WHAT THE EXERCISE ASKS - Word for word, please restate the line containing "The Scum Villain's" and all the lines that follow it to the end of the data.

┌────────

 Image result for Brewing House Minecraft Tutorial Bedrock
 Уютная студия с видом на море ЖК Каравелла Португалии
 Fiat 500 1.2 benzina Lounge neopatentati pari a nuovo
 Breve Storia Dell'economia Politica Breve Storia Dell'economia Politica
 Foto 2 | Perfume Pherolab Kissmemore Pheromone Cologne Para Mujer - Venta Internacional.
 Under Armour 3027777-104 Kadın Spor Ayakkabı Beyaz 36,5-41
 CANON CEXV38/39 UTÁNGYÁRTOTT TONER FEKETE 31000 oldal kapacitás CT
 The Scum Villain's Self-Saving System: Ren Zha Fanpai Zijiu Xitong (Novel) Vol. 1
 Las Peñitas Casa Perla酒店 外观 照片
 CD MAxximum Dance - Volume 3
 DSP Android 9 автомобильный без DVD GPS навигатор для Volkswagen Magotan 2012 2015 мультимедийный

└────────

PROBLEM SOLUTION -
 The Scum Villain's Self-Saving System: Ren Zha Fanpai Zijiu Xitong (Novel) Vol. 1
 Las Peñitas Casa Perla酒店 外观 照片
 CD MAxximum Dance - Volume 3
 DSP Android 9 автомобильный без DVD GPS навигатор для Volkswagen Magotan 2012 2015 мультимедийный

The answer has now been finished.